1.28. metrics-collector 故障排除
当 observability-client-ca-certificate
secret 没有在受管集群中被重新刷新时,您可能会收到一个内部服务器错误。
1.28.1. 症状: metrics-collector 无法验证 observability-client-ca-certificate
可能有一个受管集群,其中的指标不可用。如果出现这种情况,您可能会从 metrics-collector
部署中收到以下错误:
error: response status code is 500 Internal Server Error, response body is x509: certificate signed by unknown authority (possibly because of "crypto/rsa: verification error" while trying to verify candidate authority certificate "observability-client-ca-certificate")
1.28.2. 解决问题: metrics-collector 无法验证 observability-client-ca-certificate
如果您有这个问题,请完成以下步骤:
- 登录到受管集群。
删除名为
observability-controller-open-cluster-management.io-observability-signer-client-cert
的 secret,该 secret 位于open-cluster-management-addon-observability
命名空间中。
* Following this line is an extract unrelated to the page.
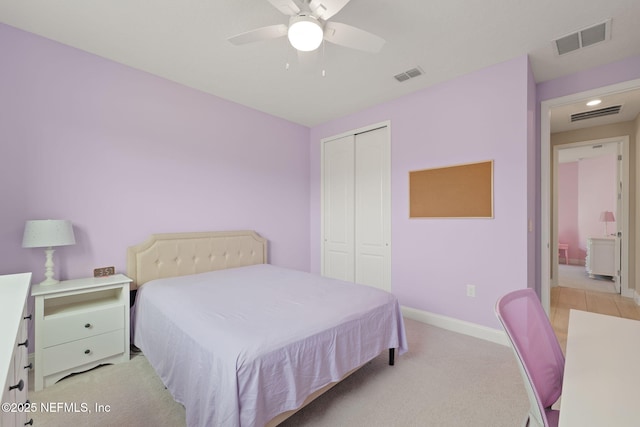 37 Tobago Ln, Saint Augustine, FL 32092 - bedroom featuring a closet, light carpet, and a ceiling fan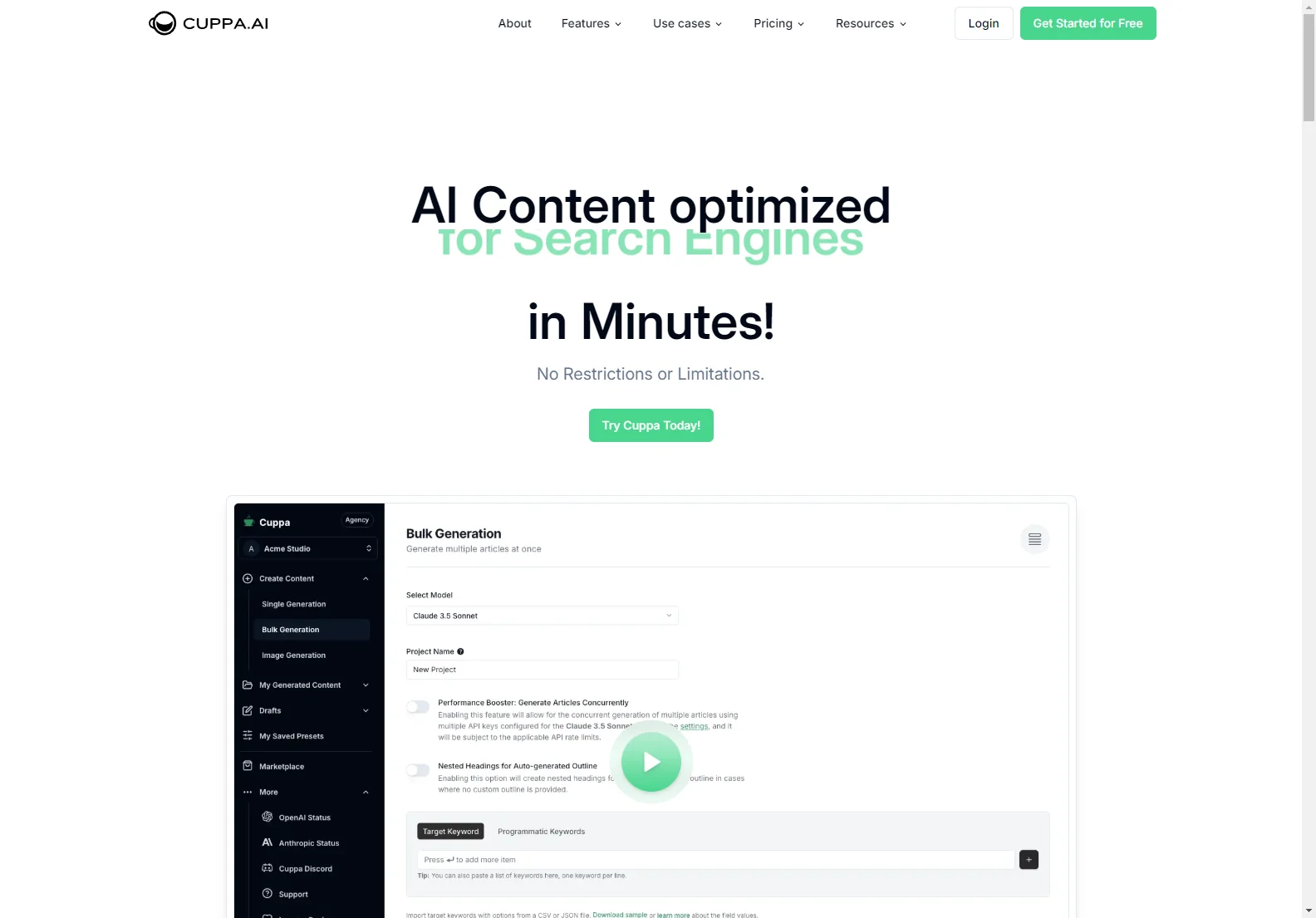 Cuppa: AI-Powered Content Creation Platform for SEO & Marketing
运行以下命令:oc delete observability-controller-open-cluster-management.io-observability-signer-client-cert -n open-cluster-management-addon-observability
注:
observability-controller-open-cluster-management.io-observability-signer-client-cert
会自动使用新证书重新创建。
重新创建 metrics-collector
部署并更新 observability-controller-open-cluster-management.io-observability-signer-client-cert
secret。